Ohio Republican Senate candidate JD Vance vehemently defended Rep Marjorie Taylor Greene’s speaking engagement at a white nationalist conference last month, noting that the congresswoman “is my friend and did nothing wrong”.
Ms Greene spoke in-person at the fringe-right America First Political Action Conference earlier this year, but after controversy broke about her attendance at an event, where the organiser claimed “young white men” are being forgotten, she began downplaying her involvement.
“I do not know Nick Fuentes; I’ve never heard him speak, I’ve never seen a video, I don’t know what his views are, so I’m not aligned with anything that may be controversial,” she said on Twitter in February.
Nick Fuentes, the aforementioned organiser of the event, is a well-known figure in the far-right universe having notoriously attended the “Unite the Right” rally that saw neo-Nazis and counterprotestors descend on Charlottesville, Virginia in 2017.
The Hillbilly Elegy author’s support of the freshman Republican congresswoman attending the self-styled CPAC-alternative in Florida last month breaks away from the assessment of others in their party.

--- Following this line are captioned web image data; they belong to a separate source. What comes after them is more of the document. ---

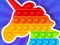 Игра Fidget Pop Online онлајн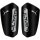 Puma Ultra Light Sleeve Schienbeinschoner - schwarz/silber - M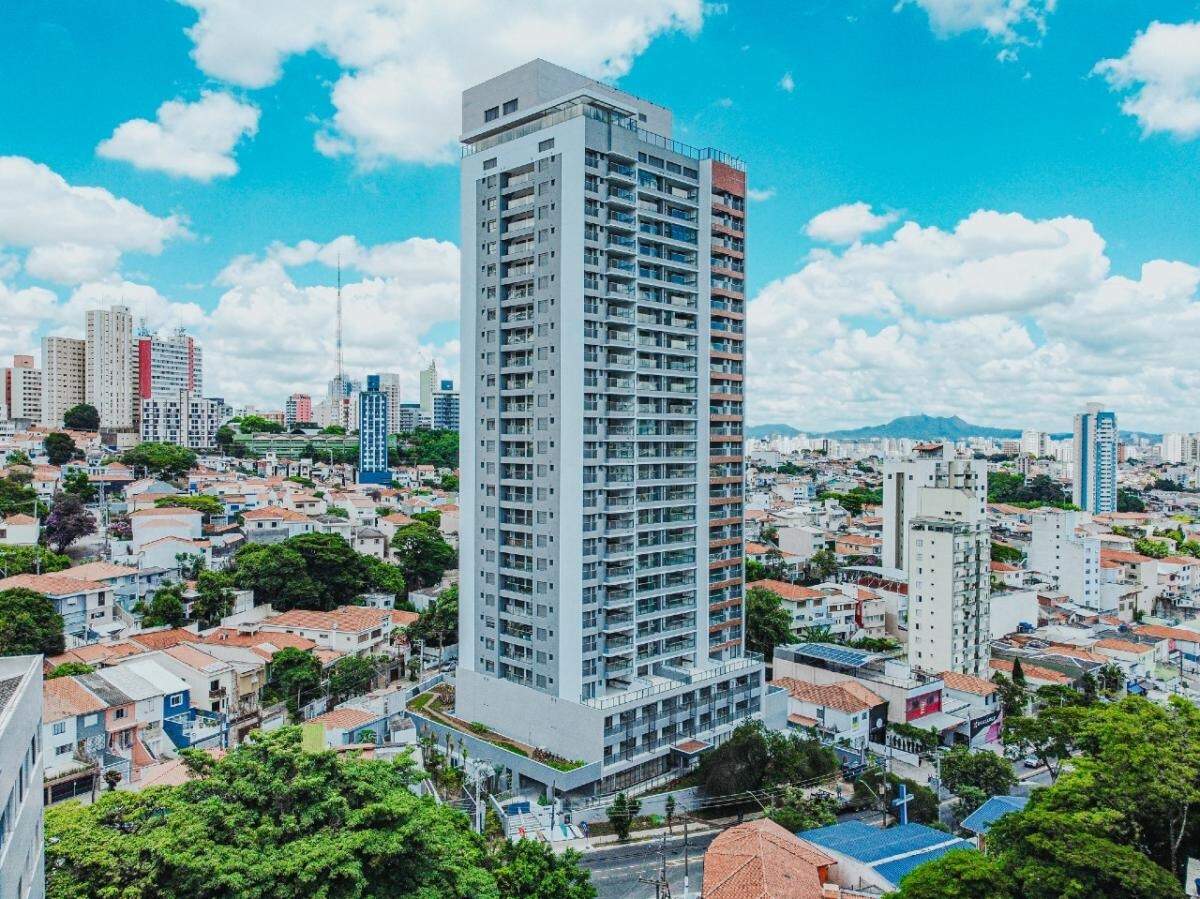 Apartamento à venda com 2 quartos, 79m² - Foto 25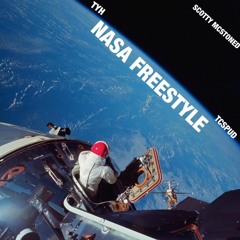 SCOTTYMCSTONEDxTYHxTCSPUD -NASA FREESTLYE
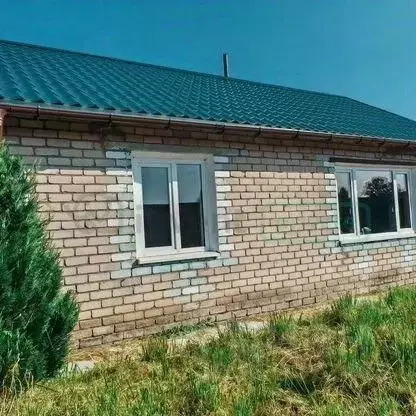 Дом в Калининградская область, Черняховский муниципальный округ, пос. ... - Фото 1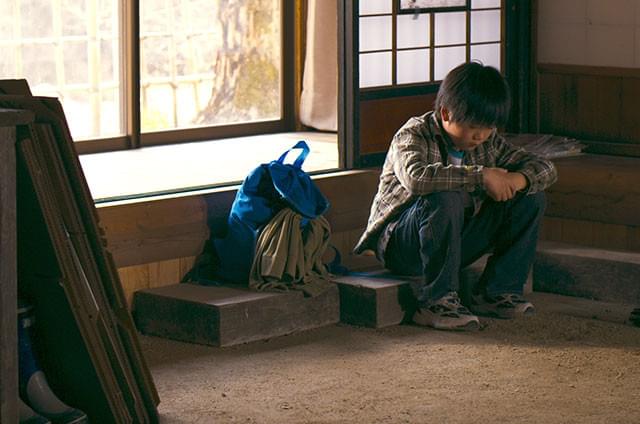 少年の傷ついた心は再生するのか？ ふたりが築いていくあたたかなきずなに注目したい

Republican Sen Mitt Romney, when asked on CNN’s State of the Union about Ms Greene’s showing at the far-right event, began by first saying he didn’t “know” the fellow GOP politician.
“I’m reminded of the old line from the Butch Cassidy and Sundance Kid movie where one character says, ‘Morons, I have morons on my team,’” he added.
Senate Minority Leader Mitch McConnell took a similar view, remarking on Ms Greene’s attendance that “there’s no place in the Republican Party for white supremacists or anti-Semitism”.
Mr Vance, however, saw these comments from within the GOP party on his “friend” as attacks, and digging his heels even further into the ground for the Georgia lawmaker, added that he was not “going to throw her under the bus”.
“They play this guilt by association game, where they get us to stab our friends in the back,” the Ohio candidate began.“The accusation against Marjorie is pretty simple: that she appeared at a conference where somebody said something bad. And I ask, did she say something bad at the conference?”
In response to his own question, Mr Vance added that he agreed with “nearly every word that she said”.
“There’s no business in the world that asks you to stab your friends in the back like politics, I absolutely refuse to do it to Marjorie Taylor Greene,” he closed.
This isn’t the first time that Mr Vance has stuck his neck out for the Georgia lawmaker, much to his own detriment.
Back in January, the senate candidate was forced to find a new venue for a meet and greet after he’d announced that the conspiracy-peddling Georgia congresswoman would be joining him at his campaign stop in Loveland, Ohio.